Reasonable and non-discriminatory licensing

Reasonable and non-discriminatory (RAND) terms, also known as fair, reasonable, and non-discriminatory (FRAND) terms, denote a voluntary licensing commitment that standards organizations often request from the owner of an intellectual property right (usually a patent) that is, or may become, essential to practice a technical standard.[1] Put differently, a F/RAND commitment is a voluntary agreement between the standard-setting organization and the holder of standard-essential patents. U.S. courts, as well as courts in other jurisdictions, have found that, in appropriate circumstances, the implementer of a standard—that is, a firm or entity that uses a standard to render a service or manufacture a product—is an intended third-party beneficiary of the FRAND agreement, and, as such, is entitled to certain rights conferred by that agreement.[2]
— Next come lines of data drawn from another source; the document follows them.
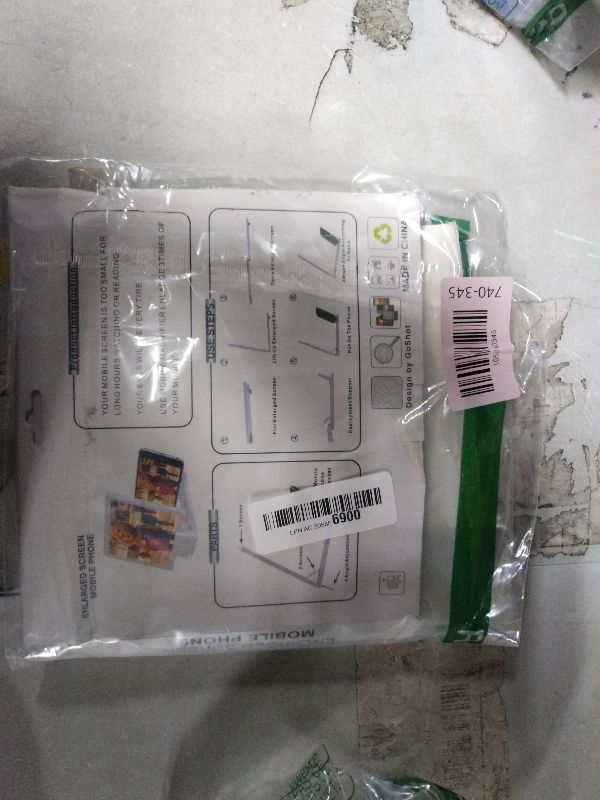 Photo 1 of 12" Big HD Screen Phone Magnifier, Pull-Out Phones Screens Amplifier, Lightweight and Foldable Phone Screen Magnifier with All Phones for Movies, Videos and Gaming (Black)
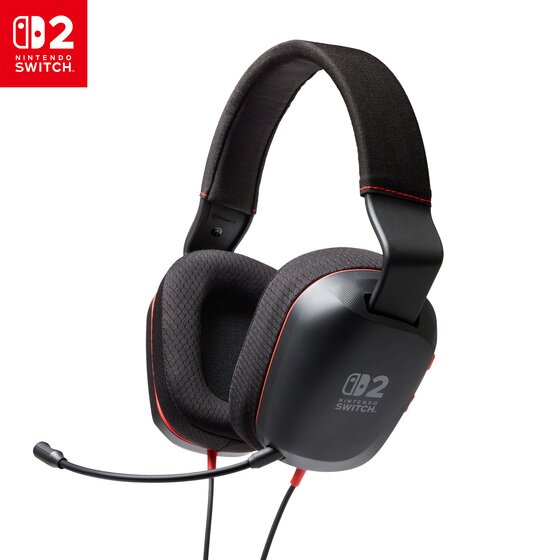 PowerA Wired Stereo Headset – Black – Nintendo Switch 2 (Officially Licensed)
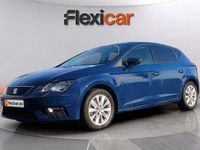Usado Seat Leon Style 110 CV (80 kW) 2018 Azul Berlina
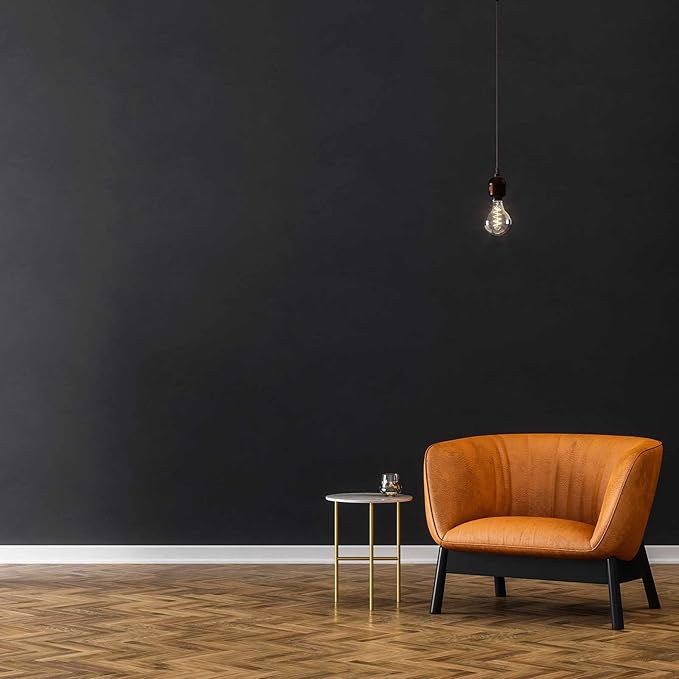 Black Peel and Stick Wallpaper, 15.7 X 78.7 inches Renter Friendly Wallpaper - Image 4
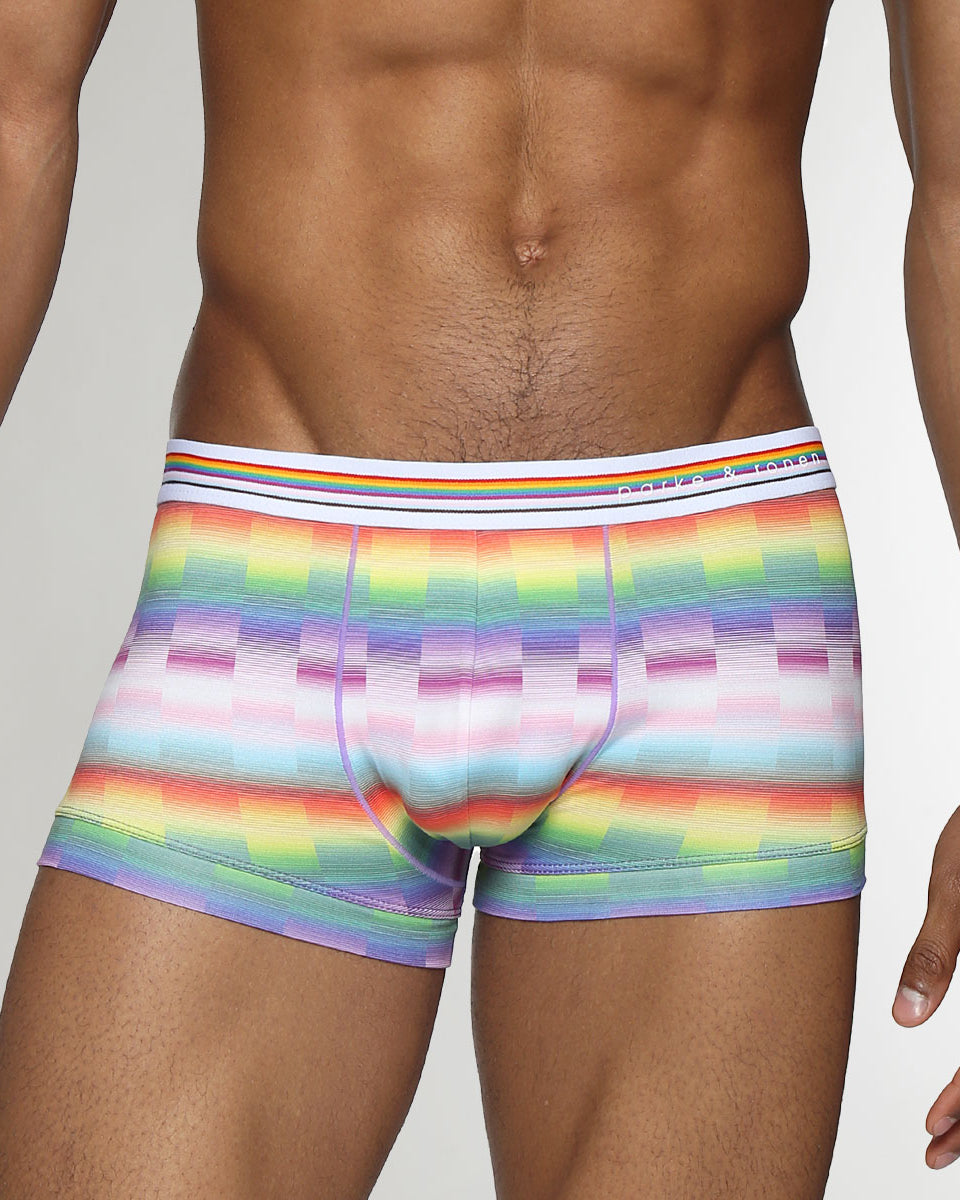 Parke & Ronen Printed Pride Low-Rise Trunk Paradise-pride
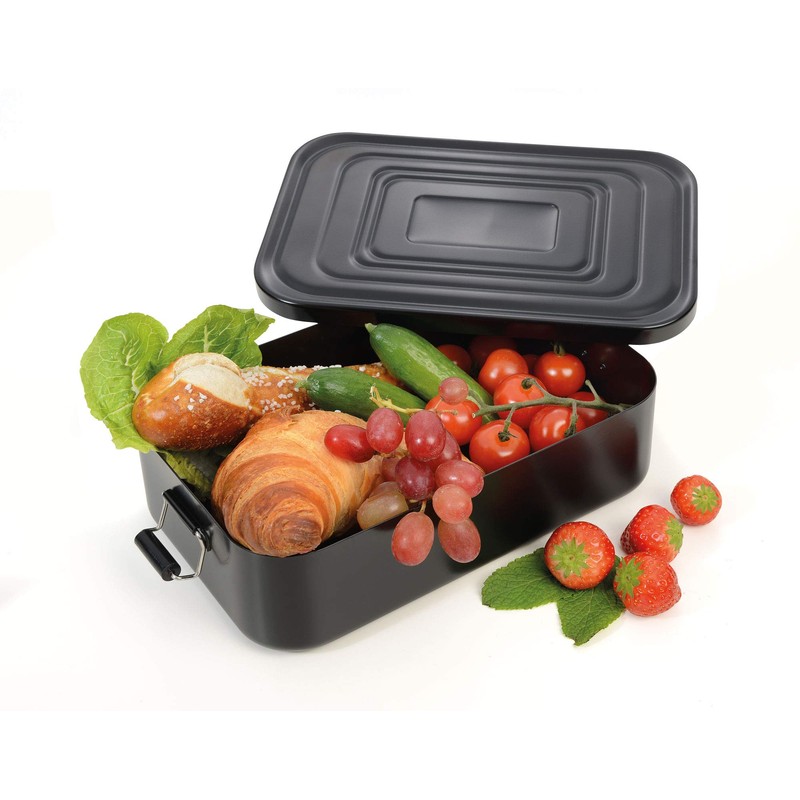 Troika Unisex - Adult Lunch Box, Black, Lunch Box XL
A standard-setting organization is an industry group that sets common standards for its particular industry to ensure compatibility and interoperability of devices manufactured by different companies.[3] A patent becomes standard-essential when a standard-setting organization sets a standard that adopts the technology that the patent covers.
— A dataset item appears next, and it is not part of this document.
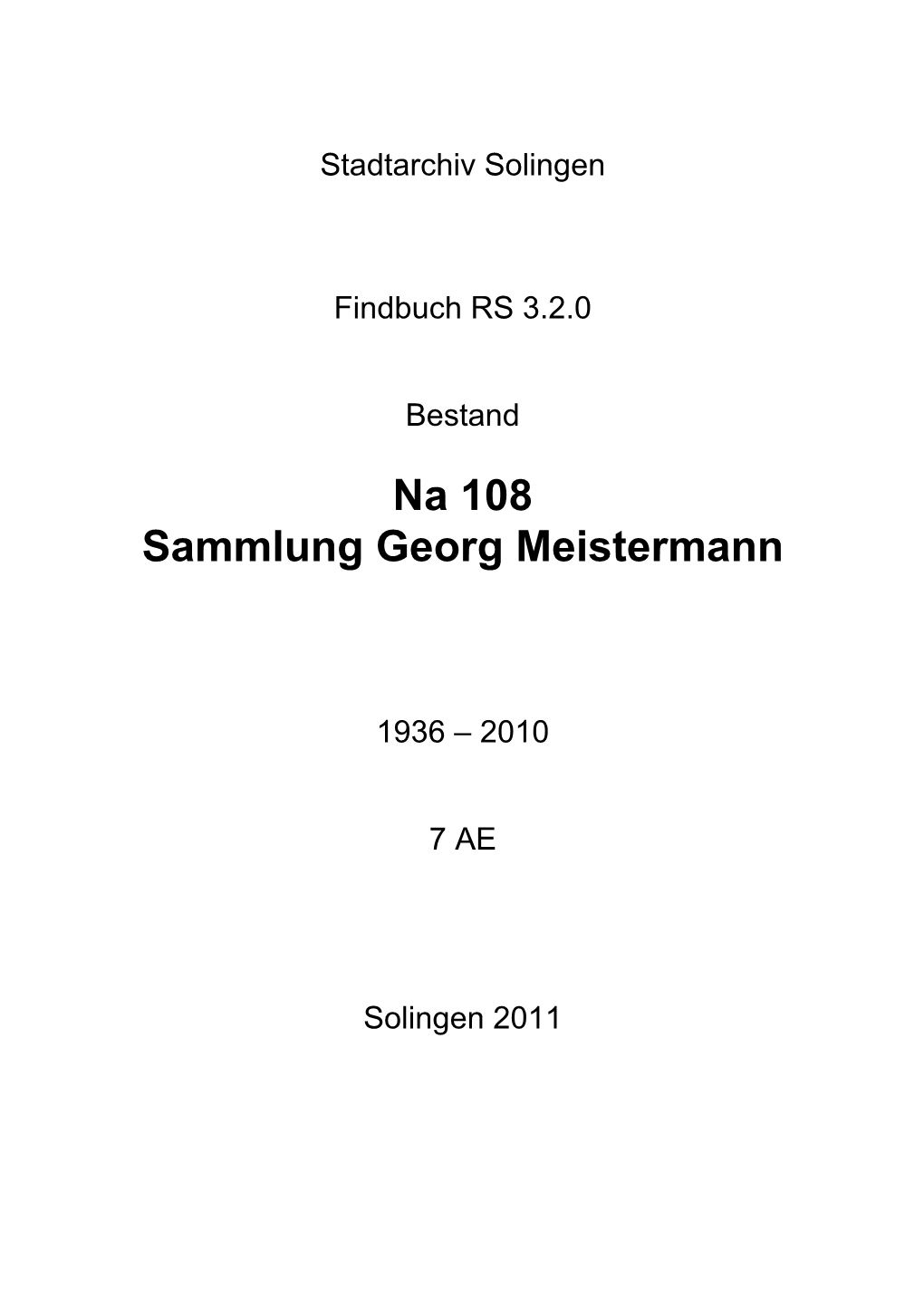 Na 108 Georg Meistermann Bilden Keinen Geschlossenen Bestand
Because a patent, under most countries' legal regimes, grants its owner an exclusive right to exclude others from making, using, selling, or importing the invention, a standard-setting organization generally must obtain permission from the patent holder to include a patented technology in its standard. So, it will often request that a patent holder clarify its willingness to offer to license its standard-essential patents on FRAND terms. If the patent holder refuses upon request to license a patent that has become essential to a standard, then the standard-setting organization must exclude that technology. When viewed in this light, the FRAND commitment serves to harmonize the private interests of patent holders and the public interests of standard-setting organizations. Many scholars have written about these topics, as well as a variety of other legal and economic issues concerning licensing on F/RAND terms.[4]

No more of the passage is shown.